The day I took a tour of the organic food store, the broken record in my head was chanting, “You don’t need this; why are you here. You don’t need this; why are you here.” I had been shopping at the same organic food store for 30 years and the last thing I needed was somebody telling me what to eat and where to find it in that store. Plus, it was a 35-minute drive and I was tired.
I was born tired. Fatigue is my middle name. I was so tired my mother checked on me all the time just to be sure I was still alive; no kidding. I was so tired I never wanted to get out of bed. Bed was my only friend. Our family narrative reinforced my location. When my sister was five, she was dying. The story that took root was that our mother cured her with holy water. To this day I live on the sidelines of the family miracle. What better place to be than bed?

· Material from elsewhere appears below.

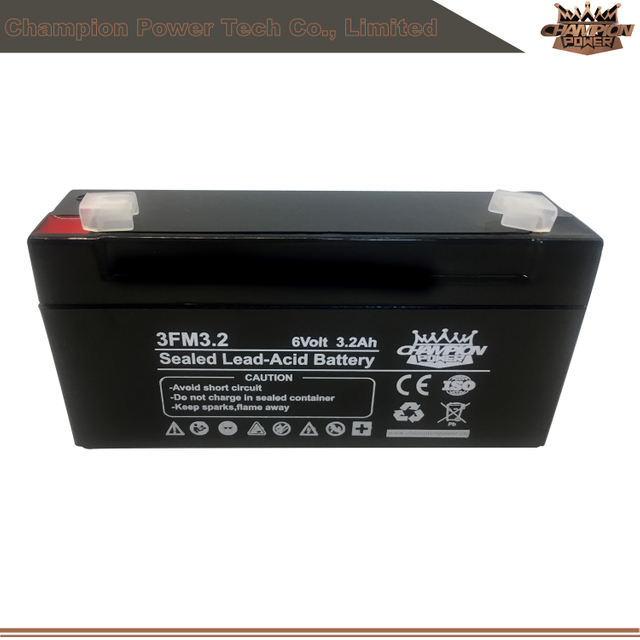 3FM3.2 6V3.2Ah AGM Battery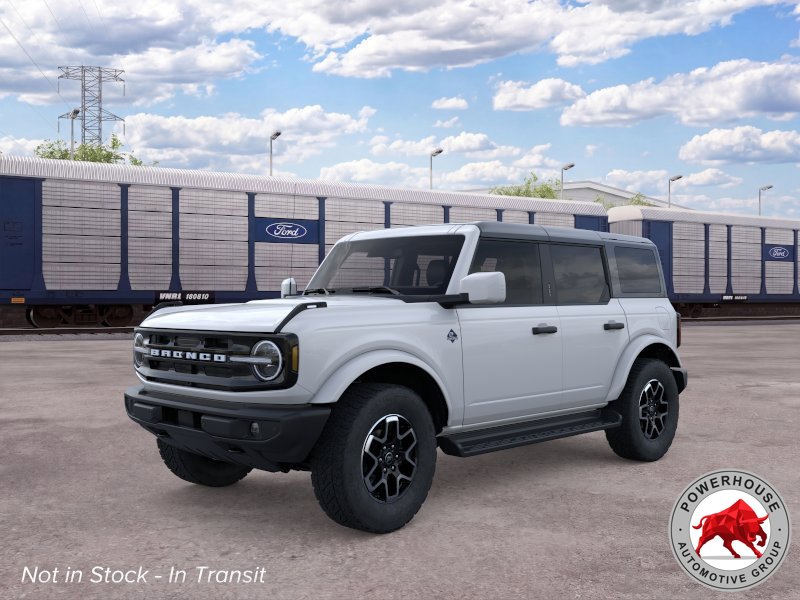 New 2026 Ford Bronco Outer Banks SUV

Fatigue followed me to school. I couldn’t stay awake in class and by the time I got to high school the fatigue was joined by depression. I was constipated too. People need to get over disliking that word. Constipated. Constipated. Constipated! It’s a very serious health problem -– a form of malnutrition — and people don’t take it seriously enough. My mother of the holy water raised me on junk food and laxatives: frosted flakes for breakfast, cream cheese and jelly for lunch and ex-lax for dessert.
My father was a more loving person, that is, when he was sober. But Miller time was frequently and he got nasty when he got drunk. I just can’t rat on my father, but I grew up in a house with guns and alcohol and it’s not a good combination.
When I was old enough to start taking care of myself, I read Adele Davis. I learned about how to eat to get your bowel to do what it’s supposed to do, move. It took five years, but eventually my digestion righted itself. At 28 I married a man who was all about juicing, 25 years before anybody heard of juicing. Our marriage was about chasing health. We even had our honeymoon at a health institute. Then I became a vegetarian. Except for the fallout from the tempeh turkey at Thanksgiving, I was doing pretty well for a while until life as I knew it stopped. I was diagnosed with stage 3 chronic Lyme disease. By that point, I was single again; the marriage based on chasing health didn’t work out so well.
I was back in bed, with no energy for life beyond dragging myself to work each day. Even after I was supposedly cured of the Lyme disease, I felt like I was dying. I even called a friend to come be with me so I wouldn’t have to die alone. Deemed cured, no one could figure out why I was dead tired all the time. One doctor gave me some supplements, and that actually helped a little so maybe the problem was some kind of malnutrition.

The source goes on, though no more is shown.